Workers who changed jobs and left retirement savings behind now account for approximately 31.9 million forgotten 401(k) accounts holding a combined $2.1 trillion in assets, a record sum that keeps growing as the American workforce churns through employers. A free federal search tool, created under the SECURE 2.0 Act and run by the Department of Labor’s Employee Benefits Security Administration, lets anyone check whether old plan money is waiting for them. The catch: the registry depends on plan sponsors submitting records, and that data collection is still ramping up, which means billions in retirement wealth could stay invisible to the people who earned it.
A $2.1 trillion gap between workers and their own money
The scale of the problem hit a new peak on September 30, 2025, when Capitalize, a financial technology firm, released an analysis produced in collaboration with the Center for Retirement Research. That study pegged forgotten 401(k) assets at $2.1 trillion spread across roughly 31.9 million accounts. The figure reflects a workforce pattern that has accelerated over the past decade: people switch jobs more often, and many never roll over their old employer-sponsored plans into a new account or an IRA.
Each abandoned account represents real money that is not being actively managed by its owner. Some accounts sit in default investment options, accruing fees that slowly erode the balance. Others belong to workers who simply lost track of a former employer’s plan administrator after a merger, acquisition, or company closure. The result is a pool of retirement wealth that is technically owned but functionally stranded.
The Capitalize analysis suggests that forgotten balances tend to be smaller on a per-account basis but add up to a huge total because of how frequently Americans change jobs. Younger workers, gig workers, and people in industries with high turnover are especially likely to accumulate multiple small accounts. Over time, those scattered balances can become harder to track, especially if contact information goes stale or former employers change recordkeepers.
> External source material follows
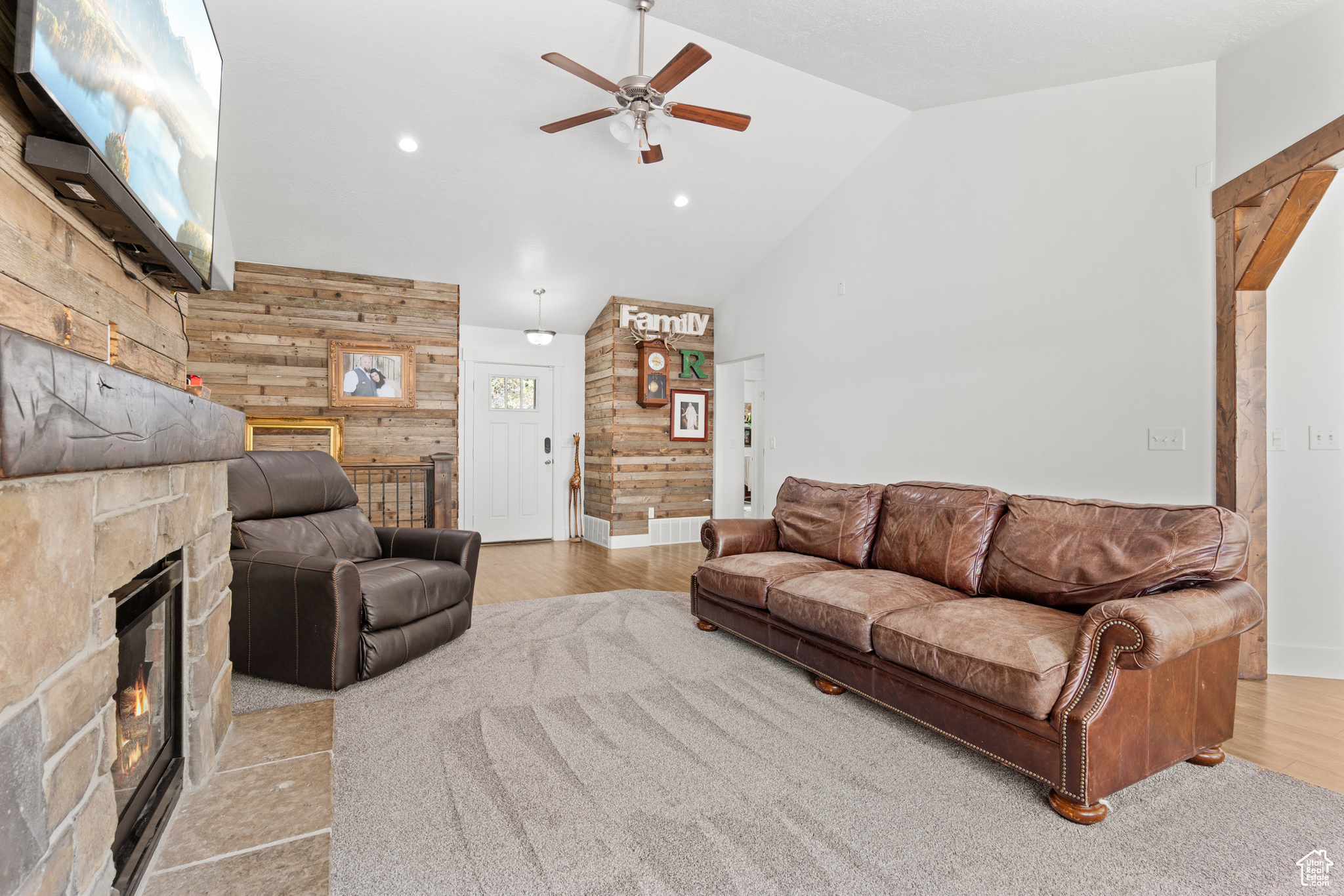 SPANISH FIELDS - Residential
How the federal Lost and Found registry works, and where it falls short
Congress directed the creation of the Retirement Savings Lost and Found database as part of the SECURE 2.0 Act of 2022. The online portal operated by the Employee Benefits Security Administration requires a Login.gov account to search. Users provide basic identifying information, and if a match exists, the tool connects the searcher with the plan administrator that may owe benefits. The database generally excludes plans from government employers and non-participating religious organizations, so public-sector workers and some faith-based employees will not find their accounts here.
The Department of Labor announced the start of its information-collection phase in late 2024, asking plan administrators to submit participant data that would populate the registry. In a subsequent update, the agency described how it would gather records from plan sponsors and coordinate with existing reporting systems to reduce duplicative filings. Yet no official DOL figures have been published showing how many plans have actually uploaded records or how many workers have successfully located benefits through the live portal. That absence of performance data raises a practical question: how complete is the registry right now?
Small plans, those with fewer than 100 participants, represent the vast majority of employer-sponsored retirement plans in the United States. These plans are often administered by small businesses with limited compliance staff and tighter budgets. If those sponsors are slowest to submit records, a disproportionate share of the $2.1 trillion in forgotten assets could remain invisible through the registry’s early years. No public data yet confirms or refutes that pattern, but the structural incentives point in that direction. Large recordkeepers serving Fortune 500 companies have the infrastructure to batch-upload data, while smaller employers may need more time and support to comply.
The Labor Department has emphasized outreach and technical assistance to plan sponsors as it rolls out the registry. In a 2024 news release, officials framed the initiative as part of a broader effort to help workers claim the benefits they have already earned and to modernize oversight of retirement plans. The agency has also signaled that it will use existing enforcement tools to address plans that chronically fail to keep track of terminated participants or to pay out vested balances.
What workers can do now
For workers, the new registry is a starting point rather than a complete solution. Because the database is still being populated, people who suspect they have an old 401(k) should combine a search of the federal portal with more traditional steps: contacting former employers’ HR departments, checking old benefit statements and tax records, and reviewing prior-year returns for Form 1099-R or Form 5498 entries that might point to past rollovers or distributions.
Workers who find a forgotten account face another set of decisions. They can often leave the money in the old plan, roll it into a new employer’s plan, or move it into an individual retirement account, depending on plan rules and fees. Comparing investment options and costs is critical, especially for small balances where annual charges can meaningfully reduce long-term growth. Financial planners frequently recommend consolidating scattered accounts to simplify oversight and reduce the risk of losing track again.
Policy experts watching the rollout say the registry’s long-term impact will depend on continued enforcement and data transparency. Publishing regular statistics on how many plans are reporting, how many accounts are discoverable, and how much money has been reunited with workers would help the public gauge whether the system is closing the $2.1 trillion gap or merely mapping a fraction of it. For now, the Lost and Found is an important new tool, but not yet a guarantee that every forgotten 401(k) will be brought back into view.